Domestic Demand for Imports:


If there is an increase in Demand for foreign goods/imports from
Tanzania, Tanzania will Supply Tsh to the market (increase in supply of
Tsh) and demand the foreign currency. This results in a Depreciation of
the Tsh.

Relative Interest Rate:


If Tanzania had higher the Interest Rate within a country the more
attractive it will be for financial investment.
Capital from abroad flows into the country
Foreigners Supply their currency to the market and Demand the Tsh.
Depreciation in Foreign currency and Appreciation in the Tsh.

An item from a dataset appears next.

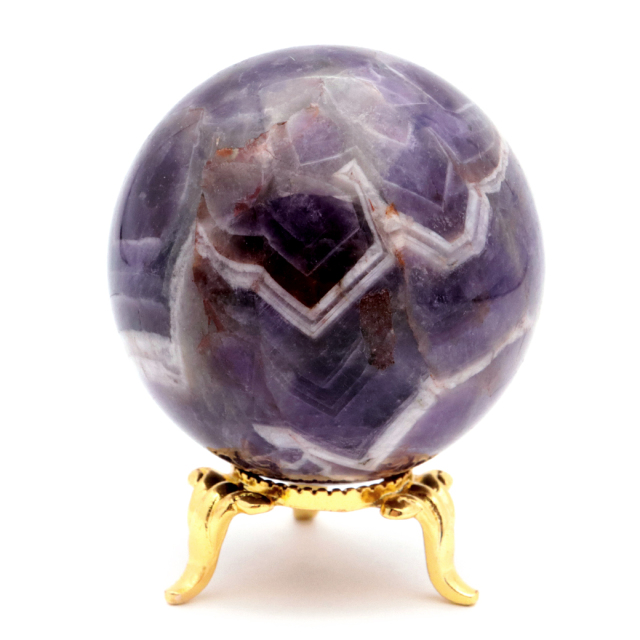シェブロン アメジスト 丸玉 台座付き ブラジル産 1点もの ヒーリング スフィア 2月 誕生石 Amethyst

Investment from Abroad (Foreign Investment):


A Decrease in Foreign Direct Investment from abroad to Tanzania
Decrease in Demand for Tsh
Depreciation of the Tsh

Relative Rate of Inflation:


Tanzania Inflation Rate increase from 8% to 20%
Kenyas Inflation Rate decreases from 10% to 8%
The effect on currency is:
Decrease in Demand for Tanzanian Exports due to it becoming more
expensive to foreign countries - increase in price of exports.
Increase in Demand for Kenyan Imports due to cheaper prices.
Decrease in Demand (Left Shift) for the Tsh - Depreciation in the Tsh
Increase in Supply (Right shift) of Tsh due to increase in Imports Depreciation of Tsh.

Changes in Income:
If income levels increase in Tanzania relative to other countries then
Tanzania residents will Demand more Imports.
Increase in Imports - Increase in Supply of Tsh to purchase imports Depreciation of the Tsh.

Speculation:
If Currency Traders expect a currency to appreciate this result in
increased Demand for the currency and contributes to the Appreciation of
the currency.
Vice Versa.

Summary
1. As Demand for a countrys exports increases, its currency appreciates.
2. As a countrys imports increase, its currency depreciates.
3. A countrys interest rates and the value of the currency change in the
same direction.
4. Increase in Interest Rates - Appreciation of the currency
5. Decrease in Interest Rates - Depreciation of the currency
6. Higher Inflation Rate in a country relative to another leads to currency
Depreciation.
7. An Increase in Foreign Investment from abroad results in currency
Appreciation.
8. A countrys level of Income relative to other countries causes the value of
the currency to change in opposite directions.